Bu kadar haksızlık, utanmazlık, arsızlık, bencillik ve yüzsüzlük, adalette olmaz mı diyorsunuz ?
Olur olur !
Eğer siyasetinizi din temelli kurarsanız, kendinizi de “tanrı” yerine koyarak yargılıyan; mükafatlandıran ve cezalandıran olarak görürseniz, yönettiğiniz hakkın ve insanların hangisi bu dünyada cehennemi hangisi cenneti yaşayacak siz karar verirsiniz !
Siyonist Yahudiler gibi !
Dünya umurlarında değil.
Kadın yaşlı çocuk demede silahla, olmadı bombayla, o da olmadı açlıkla işkence ile öldürürsünüz.
Kılınız kıpırdamaz.
Çünkü siz Tanrının yer yüzündeki gölgesi ve “din gününün sahibi” olarak kendinizi görüyorsunuz artık.
Bu dünyada kim cennetlik kim cehennemlik siz karar veriyorsunuz.
İktidarsınız ya !
Dinin kafir, münafık saydığına siz Allah adına karar verip ahireti ve mizanı beklemeden bu dünyada yargılayıp mahkum ediyorsunuz !
Mizanı, hesap gününü, ahireti erkene alıp yandaşlarınıza cenneti, karşıtlarınıza cehennemi bu dünyada yaşatıyorsunuz.

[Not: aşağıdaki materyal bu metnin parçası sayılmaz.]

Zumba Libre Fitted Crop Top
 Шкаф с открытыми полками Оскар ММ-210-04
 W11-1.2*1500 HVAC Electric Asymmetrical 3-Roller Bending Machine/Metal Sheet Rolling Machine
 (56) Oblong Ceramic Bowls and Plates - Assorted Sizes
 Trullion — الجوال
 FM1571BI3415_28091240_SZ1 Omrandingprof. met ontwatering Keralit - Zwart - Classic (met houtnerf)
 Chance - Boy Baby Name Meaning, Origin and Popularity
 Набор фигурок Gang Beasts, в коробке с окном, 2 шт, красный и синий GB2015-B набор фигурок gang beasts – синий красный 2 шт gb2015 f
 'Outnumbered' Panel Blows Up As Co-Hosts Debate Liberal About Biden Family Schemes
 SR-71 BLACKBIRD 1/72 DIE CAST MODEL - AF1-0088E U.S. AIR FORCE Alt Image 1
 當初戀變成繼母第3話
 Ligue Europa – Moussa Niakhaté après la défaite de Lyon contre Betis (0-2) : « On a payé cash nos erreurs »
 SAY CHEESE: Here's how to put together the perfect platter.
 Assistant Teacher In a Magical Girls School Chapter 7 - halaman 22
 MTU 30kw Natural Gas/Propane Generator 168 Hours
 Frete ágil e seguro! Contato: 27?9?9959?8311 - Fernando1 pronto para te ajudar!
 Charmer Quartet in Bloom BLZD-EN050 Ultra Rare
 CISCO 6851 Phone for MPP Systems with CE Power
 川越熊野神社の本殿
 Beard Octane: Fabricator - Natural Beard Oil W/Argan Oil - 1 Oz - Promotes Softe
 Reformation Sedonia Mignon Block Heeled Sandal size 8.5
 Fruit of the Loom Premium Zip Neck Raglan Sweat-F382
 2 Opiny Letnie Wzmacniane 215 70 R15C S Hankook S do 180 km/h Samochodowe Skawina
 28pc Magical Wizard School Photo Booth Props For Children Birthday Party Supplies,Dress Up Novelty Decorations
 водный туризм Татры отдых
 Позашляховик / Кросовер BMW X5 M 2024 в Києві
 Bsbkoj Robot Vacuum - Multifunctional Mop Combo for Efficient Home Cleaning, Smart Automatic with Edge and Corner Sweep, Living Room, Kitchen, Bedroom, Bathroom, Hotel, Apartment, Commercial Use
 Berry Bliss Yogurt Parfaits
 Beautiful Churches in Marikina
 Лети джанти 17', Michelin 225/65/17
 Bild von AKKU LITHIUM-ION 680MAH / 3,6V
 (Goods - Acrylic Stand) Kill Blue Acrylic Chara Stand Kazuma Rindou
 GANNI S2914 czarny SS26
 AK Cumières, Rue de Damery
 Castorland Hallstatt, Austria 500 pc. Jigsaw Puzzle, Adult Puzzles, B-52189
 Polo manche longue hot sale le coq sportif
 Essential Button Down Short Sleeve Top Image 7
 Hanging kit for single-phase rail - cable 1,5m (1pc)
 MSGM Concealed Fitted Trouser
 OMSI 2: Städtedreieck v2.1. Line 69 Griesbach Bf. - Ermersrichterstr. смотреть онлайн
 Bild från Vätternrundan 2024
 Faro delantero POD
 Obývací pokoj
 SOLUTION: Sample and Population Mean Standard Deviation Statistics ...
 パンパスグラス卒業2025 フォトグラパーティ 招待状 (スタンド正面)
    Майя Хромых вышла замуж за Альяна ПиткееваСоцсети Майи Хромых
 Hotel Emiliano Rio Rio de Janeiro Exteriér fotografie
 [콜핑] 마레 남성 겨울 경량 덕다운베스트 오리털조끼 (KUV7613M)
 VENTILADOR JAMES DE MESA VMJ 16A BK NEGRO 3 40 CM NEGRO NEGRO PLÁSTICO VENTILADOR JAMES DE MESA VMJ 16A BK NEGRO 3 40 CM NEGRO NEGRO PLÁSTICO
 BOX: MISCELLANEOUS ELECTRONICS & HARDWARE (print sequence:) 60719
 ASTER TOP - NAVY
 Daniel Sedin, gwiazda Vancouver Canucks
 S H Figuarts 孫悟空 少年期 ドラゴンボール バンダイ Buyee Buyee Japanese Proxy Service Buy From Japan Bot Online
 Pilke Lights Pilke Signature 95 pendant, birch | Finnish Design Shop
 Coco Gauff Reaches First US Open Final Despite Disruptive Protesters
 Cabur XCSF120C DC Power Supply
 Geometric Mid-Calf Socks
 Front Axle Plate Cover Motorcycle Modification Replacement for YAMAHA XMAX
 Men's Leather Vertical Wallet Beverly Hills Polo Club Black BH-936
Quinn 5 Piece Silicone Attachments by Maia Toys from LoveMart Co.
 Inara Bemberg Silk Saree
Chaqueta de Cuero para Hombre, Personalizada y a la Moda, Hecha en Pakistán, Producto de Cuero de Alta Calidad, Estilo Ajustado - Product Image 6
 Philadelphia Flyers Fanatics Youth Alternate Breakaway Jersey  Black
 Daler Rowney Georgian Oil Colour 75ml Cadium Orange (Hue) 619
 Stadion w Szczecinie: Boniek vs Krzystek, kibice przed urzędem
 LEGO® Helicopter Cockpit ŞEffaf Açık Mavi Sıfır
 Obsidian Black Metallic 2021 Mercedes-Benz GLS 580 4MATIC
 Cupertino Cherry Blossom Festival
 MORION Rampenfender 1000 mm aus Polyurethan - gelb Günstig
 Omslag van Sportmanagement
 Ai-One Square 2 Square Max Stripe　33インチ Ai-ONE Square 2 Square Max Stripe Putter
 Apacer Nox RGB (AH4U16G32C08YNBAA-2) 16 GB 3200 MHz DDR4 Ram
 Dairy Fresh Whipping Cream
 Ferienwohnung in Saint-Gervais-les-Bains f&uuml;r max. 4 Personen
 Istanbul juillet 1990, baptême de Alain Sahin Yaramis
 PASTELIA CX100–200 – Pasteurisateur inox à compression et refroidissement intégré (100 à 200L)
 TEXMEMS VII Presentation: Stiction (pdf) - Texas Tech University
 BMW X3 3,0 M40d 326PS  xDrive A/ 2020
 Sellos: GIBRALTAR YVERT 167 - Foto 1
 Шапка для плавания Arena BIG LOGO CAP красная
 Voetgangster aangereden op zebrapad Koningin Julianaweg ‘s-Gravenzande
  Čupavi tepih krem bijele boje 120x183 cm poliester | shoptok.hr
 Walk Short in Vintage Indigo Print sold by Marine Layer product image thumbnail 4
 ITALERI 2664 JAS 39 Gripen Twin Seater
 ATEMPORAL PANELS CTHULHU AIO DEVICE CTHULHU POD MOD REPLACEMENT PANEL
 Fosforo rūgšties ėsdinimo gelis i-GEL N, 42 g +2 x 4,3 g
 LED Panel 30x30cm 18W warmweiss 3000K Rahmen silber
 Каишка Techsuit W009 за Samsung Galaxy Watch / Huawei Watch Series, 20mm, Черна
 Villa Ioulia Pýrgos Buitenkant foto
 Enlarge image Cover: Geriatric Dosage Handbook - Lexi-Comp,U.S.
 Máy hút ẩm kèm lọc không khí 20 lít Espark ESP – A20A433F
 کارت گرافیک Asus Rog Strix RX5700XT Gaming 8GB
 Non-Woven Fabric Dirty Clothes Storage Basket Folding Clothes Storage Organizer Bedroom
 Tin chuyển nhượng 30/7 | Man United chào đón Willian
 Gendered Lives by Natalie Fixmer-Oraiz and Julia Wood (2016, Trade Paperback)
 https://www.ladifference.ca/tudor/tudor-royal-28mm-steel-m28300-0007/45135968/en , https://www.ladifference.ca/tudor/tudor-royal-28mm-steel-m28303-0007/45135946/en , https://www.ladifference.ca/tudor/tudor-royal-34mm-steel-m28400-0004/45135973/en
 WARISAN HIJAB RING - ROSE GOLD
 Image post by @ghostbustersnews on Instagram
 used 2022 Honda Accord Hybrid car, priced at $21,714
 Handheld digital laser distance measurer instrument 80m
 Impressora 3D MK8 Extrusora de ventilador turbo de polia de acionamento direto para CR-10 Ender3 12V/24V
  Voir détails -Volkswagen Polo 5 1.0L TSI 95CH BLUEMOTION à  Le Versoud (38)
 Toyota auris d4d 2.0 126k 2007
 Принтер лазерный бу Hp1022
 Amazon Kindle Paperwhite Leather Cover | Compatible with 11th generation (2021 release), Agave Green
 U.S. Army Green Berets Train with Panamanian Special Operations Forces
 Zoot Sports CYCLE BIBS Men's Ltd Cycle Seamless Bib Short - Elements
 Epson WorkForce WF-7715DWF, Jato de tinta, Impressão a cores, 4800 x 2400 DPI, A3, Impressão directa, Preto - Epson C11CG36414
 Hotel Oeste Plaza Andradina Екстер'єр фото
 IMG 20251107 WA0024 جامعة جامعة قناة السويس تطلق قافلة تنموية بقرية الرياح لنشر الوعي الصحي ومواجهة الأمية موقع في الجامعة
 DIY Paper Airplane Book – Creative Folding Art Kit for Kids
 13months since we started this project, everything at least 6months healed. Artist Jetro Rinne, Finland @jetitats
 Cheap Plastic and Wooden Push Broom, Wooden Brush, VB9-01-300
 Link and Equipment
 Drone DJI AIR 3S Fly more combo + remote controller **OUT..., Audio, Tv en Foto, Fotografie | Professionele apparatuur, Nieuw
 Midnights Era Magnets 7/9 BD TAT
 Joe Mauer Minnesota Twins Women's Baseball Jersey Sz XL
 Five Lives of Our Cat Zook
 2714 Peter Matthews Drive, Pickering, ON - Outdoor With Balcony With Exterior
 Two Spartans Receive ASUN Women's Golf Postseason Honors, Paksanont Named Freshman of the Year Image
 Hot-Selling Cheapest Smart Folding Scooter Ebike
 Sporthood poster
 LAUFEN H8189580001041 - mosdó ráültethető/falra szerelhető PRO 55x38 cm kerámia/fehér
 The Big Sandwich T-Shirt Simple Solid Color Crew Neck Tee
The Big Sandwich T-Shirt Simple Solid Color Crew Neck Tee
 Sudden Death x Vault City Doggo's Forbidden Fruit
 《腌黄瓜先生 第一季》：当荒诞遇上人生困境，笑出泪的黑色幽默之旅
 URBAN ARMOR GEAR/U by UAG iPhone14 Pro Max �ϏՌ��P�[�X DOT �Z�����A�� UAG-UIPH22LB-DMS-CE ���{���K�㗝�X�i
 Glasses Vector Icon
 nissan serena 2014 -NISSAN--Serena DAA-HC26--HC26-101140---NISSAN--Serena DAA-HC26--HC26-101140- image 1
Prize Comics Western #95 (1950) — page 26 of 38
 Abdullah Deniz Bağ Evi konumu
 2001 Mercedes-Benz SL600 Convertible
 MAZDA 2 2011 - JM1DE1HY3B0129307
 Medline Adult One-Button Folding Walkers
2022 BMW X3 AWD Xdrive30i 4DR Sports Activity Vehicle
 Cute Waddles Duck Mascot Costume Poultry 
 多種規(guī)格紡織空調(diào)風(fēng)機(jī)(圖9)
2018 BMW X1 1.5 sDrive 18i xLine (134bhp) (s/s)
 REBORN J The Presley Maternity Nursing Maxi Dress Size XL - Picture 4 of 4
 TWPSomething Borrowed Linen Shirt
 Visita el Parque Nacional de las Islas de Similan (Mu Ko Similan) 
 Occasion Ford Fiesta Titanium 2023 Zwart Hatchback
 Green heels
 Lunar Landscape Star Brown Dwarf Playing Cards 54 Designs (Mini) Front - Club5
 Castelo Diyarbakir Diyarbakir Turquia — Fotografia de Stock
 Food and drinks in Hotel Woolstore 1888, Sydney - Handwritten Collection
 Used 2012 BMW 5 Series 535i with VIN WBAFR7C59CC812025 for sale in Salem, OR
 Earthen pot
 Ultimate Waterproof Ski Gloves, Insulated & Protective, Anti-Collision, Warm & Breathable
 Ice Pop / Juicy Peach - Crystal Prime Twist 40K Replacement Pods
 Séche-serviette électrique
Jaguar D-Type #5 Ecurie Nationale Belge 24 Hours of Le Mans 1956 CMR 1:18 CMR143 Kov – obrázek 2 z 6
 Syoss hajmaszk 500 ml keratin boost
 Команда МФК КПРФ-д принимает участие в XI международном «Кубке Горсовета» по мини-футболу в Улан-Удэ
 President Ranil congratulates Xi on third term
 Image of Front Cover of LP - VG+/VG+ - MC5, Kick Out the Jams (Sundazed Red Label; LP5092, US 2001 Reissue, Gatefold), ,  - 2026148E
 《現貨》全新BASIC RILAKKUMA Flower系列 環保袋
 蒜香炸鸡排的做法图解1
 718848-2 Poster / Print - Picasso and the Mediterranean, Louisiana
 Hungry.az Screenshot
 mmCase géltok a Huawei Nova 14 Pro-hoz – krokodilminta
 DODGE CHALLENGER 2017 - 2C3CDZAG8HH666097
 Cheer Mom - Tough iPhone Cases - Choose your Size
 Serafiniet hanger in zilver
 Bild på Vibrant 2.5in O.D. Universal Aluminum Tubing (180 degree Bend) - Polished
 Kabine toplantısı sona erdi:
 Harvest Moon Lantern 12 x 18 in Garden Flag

Tanrıya eş koşmak en büyük günah !
Ama ondan da daha büyüğü var !
Tanrının yerine geçmek ve bu dünyada “din gününün” sahibi gibi hükümranlık kurmak !
Bugün İtraili yöneten Yahudiler gibi !
Bu kadar arsızlık, utanmazlık, haksızlık ve yüzsüzlük adaletsizlik olur mu demeyin.
Olur olur !
İktidarlar dini siyasetin aracı yaparlarsa bal gibi olur.
O zaman ülkenin adı ve dinin hangisi olduğu farketmez.